_Task to carry out_. Only an exact copy is wanted: the lines from the one holding "What to Expect After Cheek Filler" through the last line below, minus the pictures.

_Data excerpt_.

——————

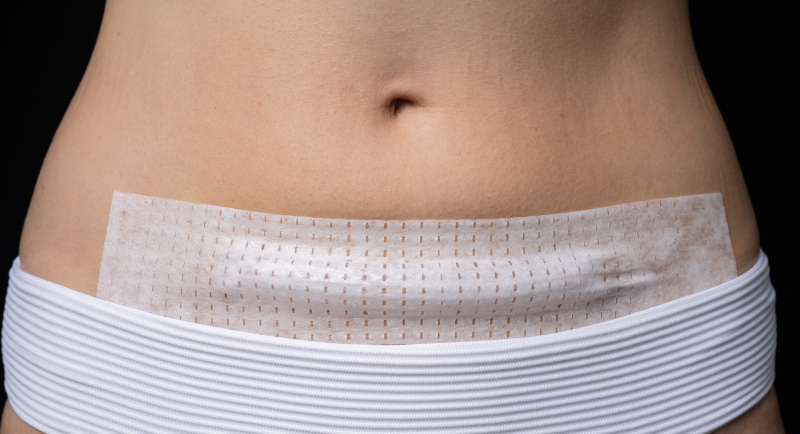 智慧平疤貼條裝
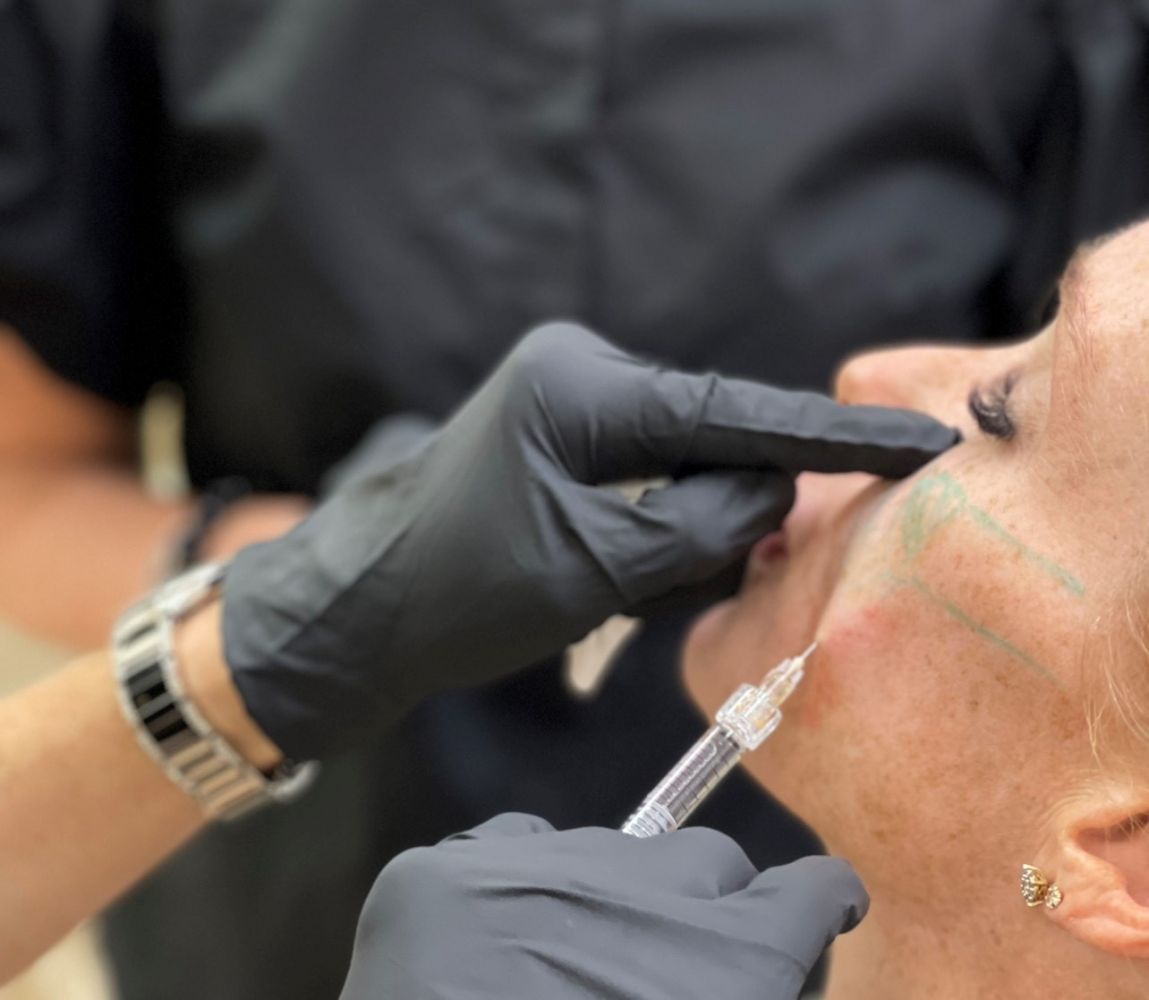 What to Expect After Cheek Filler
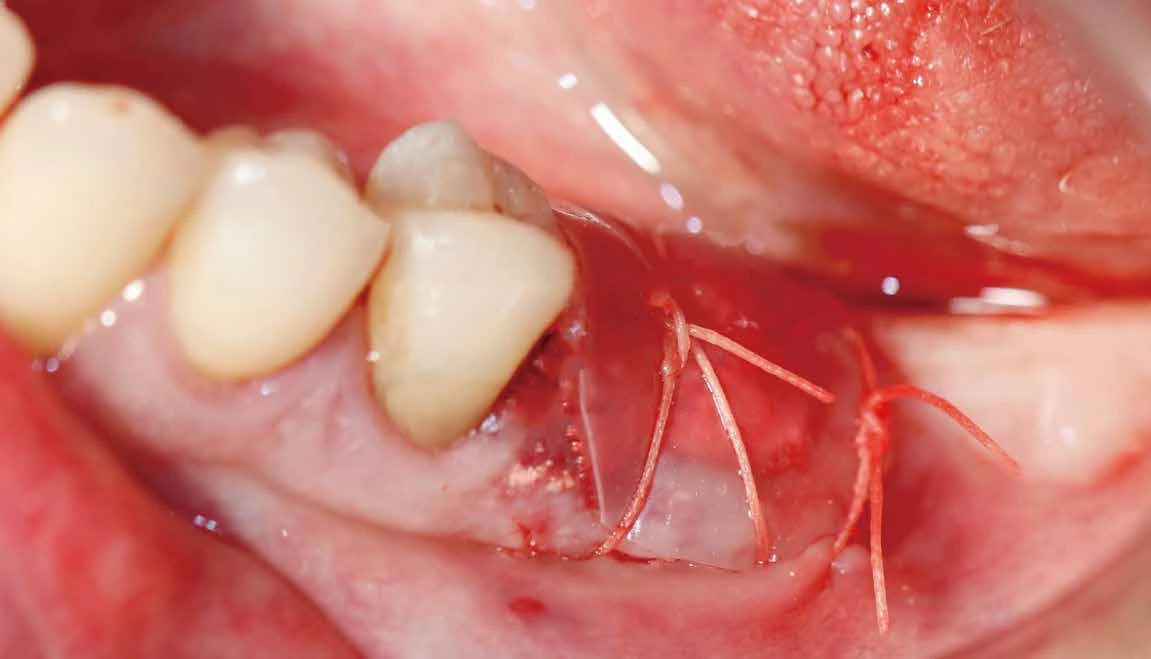 Dressing covering a sutured site in a guided bone regeneration (GBR) example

——————

_Solution to this task_.
 What to Expect After Cheek Filler
 Dressing covering a sutured site in a guided bone regeneration (GBR) example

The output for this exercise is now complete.